Davalı vekili; davanın AYİM"de görülmesi gerektiğini, zamanaşımı süresinin dolduğunu, mahkemenin yetkisiz olduğunu, kazanın meydana gelmesinde araç sürücüsü olan davacı ile yolun bakım ve onarımından sorumlu kuruluşun kusurlu olduğunu, araçtan kaynaklanan bir kusur olmadığını, Nakdi Tazminat Komisyonu tarafından davacıya yapılan ödemelerin maddi ve manevi zararları kapsadığını, manevi tazminatın bölünmezliği ilkesi gereğince manevi tazminat istenemeyeceğini, yapılan ödemelerin faiziyle birlikte tenzilinin gerektiğini belirterek davanın reddini talep etmiştir.

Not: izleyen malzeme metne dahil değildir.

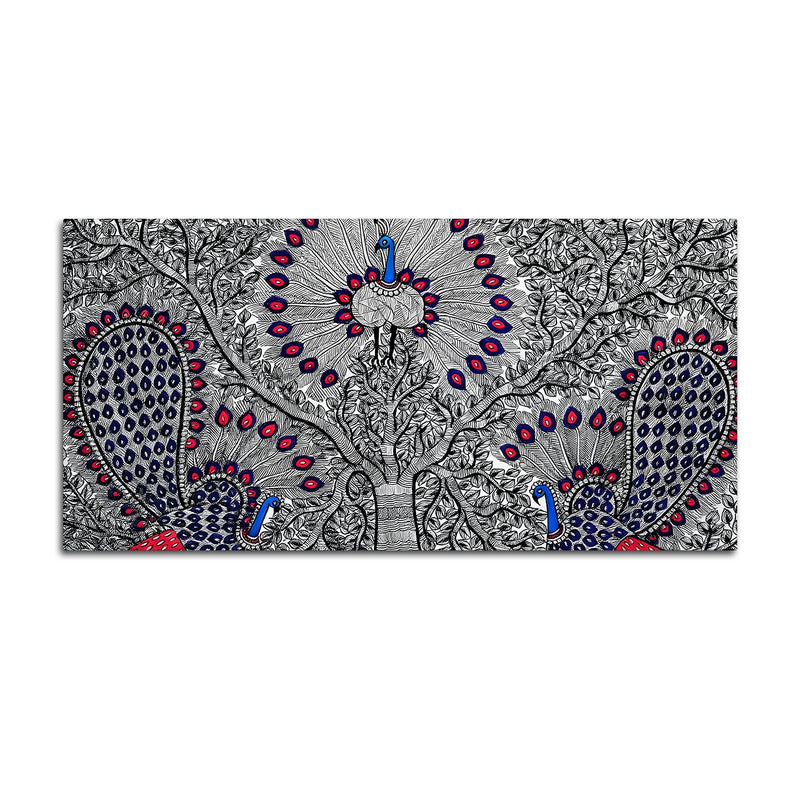 Premium Madhubani Canvas Wall Painting for Modern Ethnic Decor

Mahkemece; iddia, savunma, toplanan kanıtlara ve benimsenen bilirkişi raporuna göre; davanın kısmen kabulü ile 41.609,90 TL maddi tazminat ile 8.000,00 TL manevi tazminatın kaza tarihinden itibaren işleyecek yasal faiziyle birlikte davalıdan tahsiline karar verilmiş; hüküm, davalı vekili tarafından temyiz edilmiştir.
Dava trafik kazasından kaynaklanan yaralanma nedeniyle maddi ve manevi tazminat istemine ilişkindir.
Davacı, davalı M.. B.."nı hizmet kusuru nedeniyle dava etmiştir. Zira dava dilekçesinde davacının kullandığı askeri aracın karartma ışıklarının yanması ve emir gereği hızlı gitmesinin etkisi ile yolun çökmüş olduğunu fark edemediği ve bu nedenle kazanın meydana geldiği iddia edilmiştir. Kamu hizmeti görmekle yükümlü olan idareler, kamu hizmeti sırasında verdikleri zararlardan dolayı özel hukuk hükümlerine tabi değildirler. Kamu tüzelkişilerinin yasalar tarafından kendilerine verilen görev ve yetkilerin kullanılması sırasında oluşan zararlar, niteliği itibariyle hizmet kusurundan kaynaklanan zararlar olup, bu zararların tazmini amacıyla hizmet kusurlarına dayalı olarak İdari Yargılama Usulü Hakkındaki Kanun’un 2. maddesi hükmü uyarınca idari yargı yerinde tam yargı davası ikame edilmesi gerekmektedir.
1602 sayılı Askeri Yüksek İdare Mahkemesi Kananu"nun 20. maddesinde Askeri Yüksek İdare Mahkemesi"nin Türk Milleti adına; askeri olmayan makamlarca tesis edilmiş olsa bile, asker kişileri ilgilendiren ve askeri hizmete ilişkin idari işlem ve eylemlerden doğan uyuşmazlıkların ilk ve son derece mahkemesi olarak yargı denetimini ve diğer kanunlarda gösterilen, görevleri yapacağı hüküm altına alınmıştır. Bu nedenle yukarıda belirtilen yasa hükmü kapsamında kalan idari uyuşmazlıklara ilişkin davaların Askeri Yüksek İdare Mahkemesi"nde görülmesi gereklidir.
Görev kuralları kamu düzenine ilişkin olup, mahkemece kendiliğinden (re"sen) dikkate alınması zorunludur. O halde mahkemece, adli yargının yargı yolu bakımından görevsiz bulunması nedeniyle dava dilekçesinin görevsizlik nedeniyle reddine karar verilmesi gerekirken yazılı olduğu biçimde hüküm kurulması doğru görülmemiştir.
SONUÇ: Yukarıda açıklanan nedenlerle davalı vekilinin temyiz itirazlarının kabulü ile hükmün BOZULMASINA, bozma nedenine göre davalı vekilinin sair temyiz itirazlarının incelenmesine yer olmadığına, 02.07.2015 günü oybirliğiyle karar verildi.